Du champ au bureau d’immigration

Ils passent des mois penchés dans les champs, concentrés dans des serres ou parmi les animaux de boucherie. Un groupe de travailleurs agricoles étrangers et de militants parcourt l’Ontario pour réclamer davantage de droits, dont celui de rester, alors que le gouvernement fédéral a entrepris une révision des programmes qui les amènent ici.
La caravane « Harvesting Freedom » (« Récolter la liberté ») s’est mise en marche dimanche au sud de la province voisine, à Leamington, capitale autoproclamée de la tomate au Canada, endroit de haute concentration des migrants dans l’agriculture. « Après 50 ans de négation de la possibilité d’exercer ses droits, cette situation doit finir pour qu’ils puissent travailler sous des conditions décentes et humaines », affirme d’emblée Chris Ramsaroop, membre du collectif organisateur Justice pour les travailleurs migrants. L’accès à la résidence permanente figure en tête de liste de leurs revendications.
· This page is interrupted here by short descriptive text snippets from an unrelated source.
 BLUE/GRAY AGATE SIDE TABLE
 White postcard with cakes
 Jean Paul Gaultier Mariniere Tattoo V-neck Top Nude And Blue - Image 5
Le Programme des travailleurs agricoles saisonniers (PTAS) existe en effet depuis 50 ans. Une période durant laquelle le nombre de migrants venus d’ailleurs pour cultiver nos champs n’a cessé d’augmenter. En 2015, aux 41 700 ouvriers agricoles venus du Mexique et des Antilles sous le PTAS s’ajoutaient aussi 11 000 personnes du volet agricole et peu spécialisé du programme des travailleurs étrangers temporaires (PTET), provenant surtout du Guatemala, du Honduras ou du Salvador. L’an dernier, ils étaient ainsi 12 000 au Québec et 27 000 en Ontario.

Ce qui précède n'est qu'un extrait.